Stynes’ sense that his career has unfurled with little rhyme or reason starts back in his college days: “I started off as a musician, played a lot of drums in different bands, and guitar too. In college I played a lot of music, then after college I was recording my band, then I put together a studio in my parents’ basement and started recording other bands. At that point I thought I could either go to school to do this more, or I could get into credit card debt…” So he ended up doing both – getting a Sociology degree along with mounting credit card debt building a small studio in the basement – “I kind of figured it was better to get in there and get some equipment and start recording people.”

Stynes’ home studio’s gear was a delightful-sounding mixture of any tech he could get hold of with limited means: “I had a little TASCAM MS16 16-track tape machine, along with a couple of pieces of gear that I purchased, and then I kind of pulled together any weird tube gear I could find, like an old stereo from the ‘40s I used as a pre-amp - a huge piece of furniture! And I had an old tape machine I used as distortion.” He remembers reading how Cyndi Lauper’s producers recorded She’s So Unusual without automation, doing four bars at a time, changing all the settings then putting it to tape then editing it all together later into a song. “I thought that was pretty great as I didn’t have automation either, so I did that with two-track sound forge software on my PC and a CD burner, just doing bits at a time.”

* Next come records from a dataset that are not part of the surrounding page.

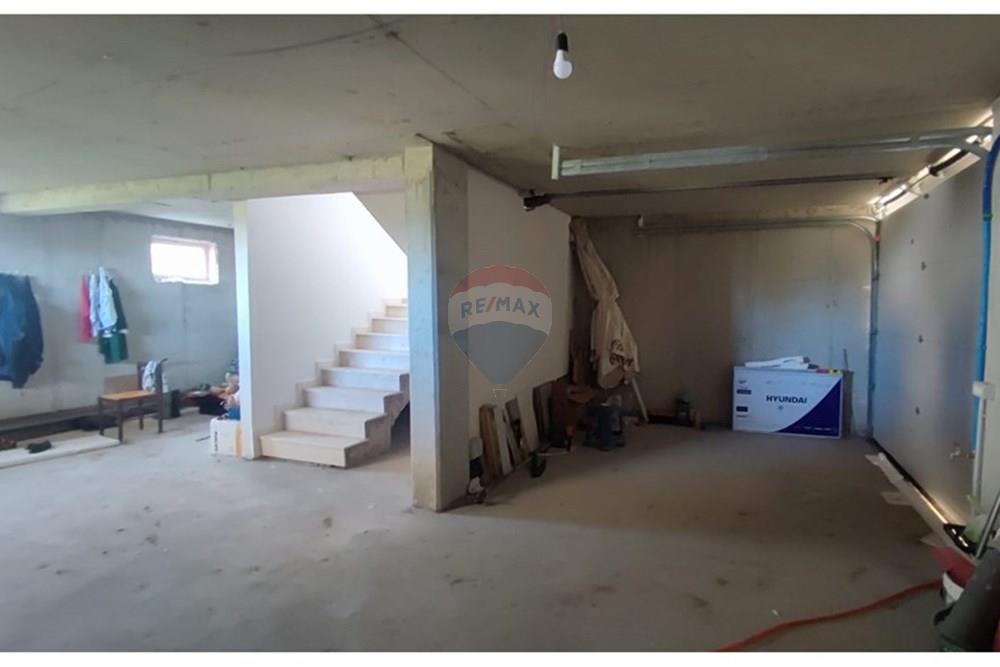 Villa in vendita, 3 piani a priske, dajt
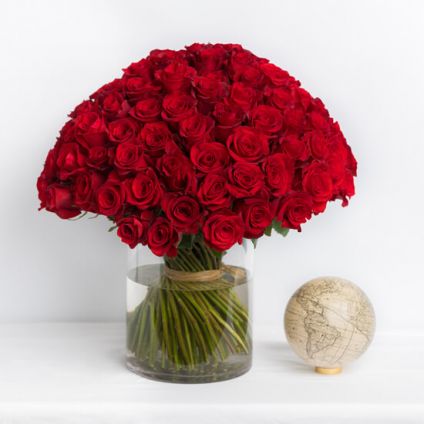 Red Roses with vase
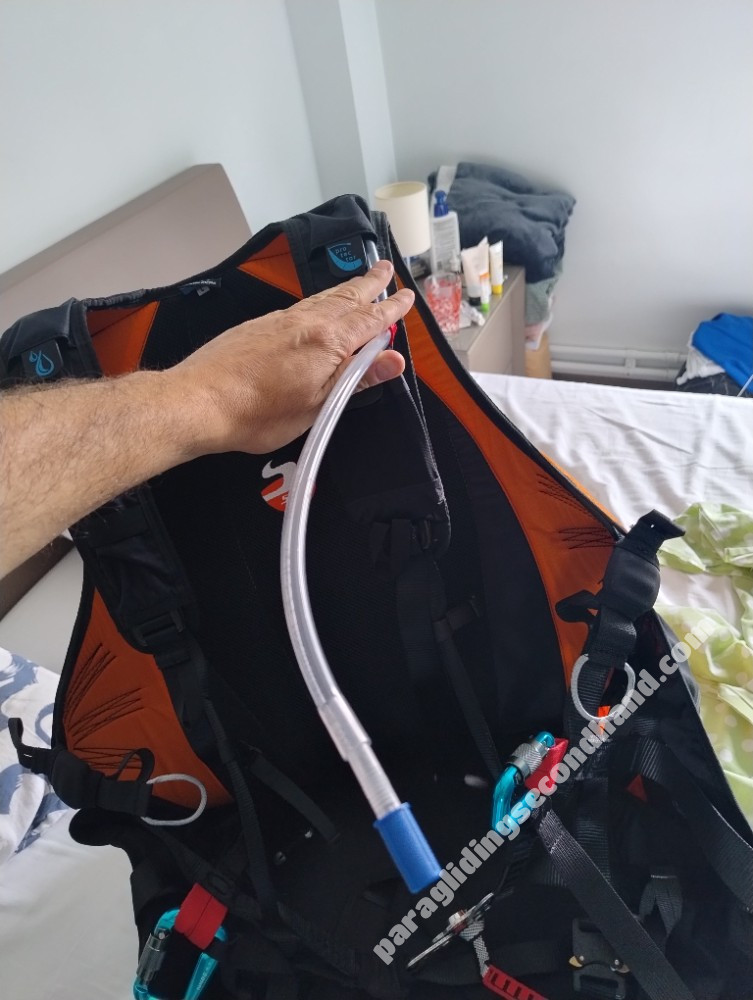 ピークパフォーマンス レディス S(アジアM)1回着用 Heli Gravity ピークパフォーマンス レディス S(アジアM)1回着用 Heli Gravity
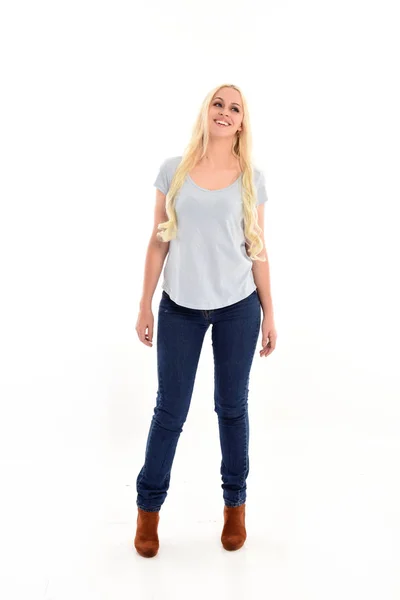 Full Längd Porträtt Blond Flicka Klädd Blå Tröja Och Jeans — Stockfoto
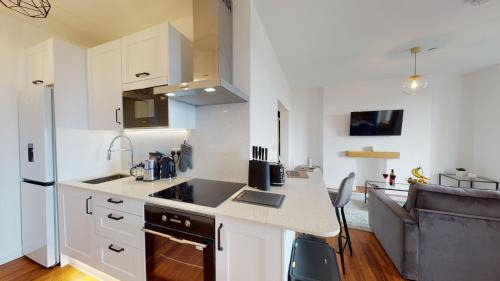 Newport Apartment | Studio Apartment with 65" Smart TV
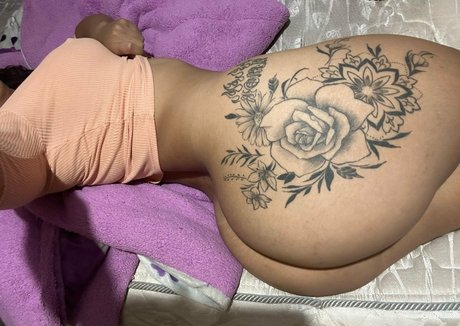 Tガールオンリーファン 裸 ギャラリー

Eventually, he graduated from these ingenious DIY set-ups to “‘real’ studios (whatever that means!)”, mastered Pro Tools, and started reading books. “At which point I became very aware that there’s not a lot of money to be made in music, especially at that time with studios closing, so I decided to shift gears a little, and a friend of mine got me into post-production, which I didn’t even know existed back then.” He worked his way up at various companies around New York City including Rock Star games - producers of Grand Theft Auto - and a night gig at NBC Universal mixing a reality show, before cutting his teeth at Dig It Audio then freelancing and finding his way to Great City. “I’ve been here for over ten years now and I love it.” 

 “It’s been quite a roundabout path”, he reflects, but a worthwhile one. Even his Sociology major hasn’t been wasted: “I think half of this business is dealing with people and reading people and making them feel comfortable with you. Let them know you know what you’re doing and get them excited - and get excited yourself. Half of it is people.”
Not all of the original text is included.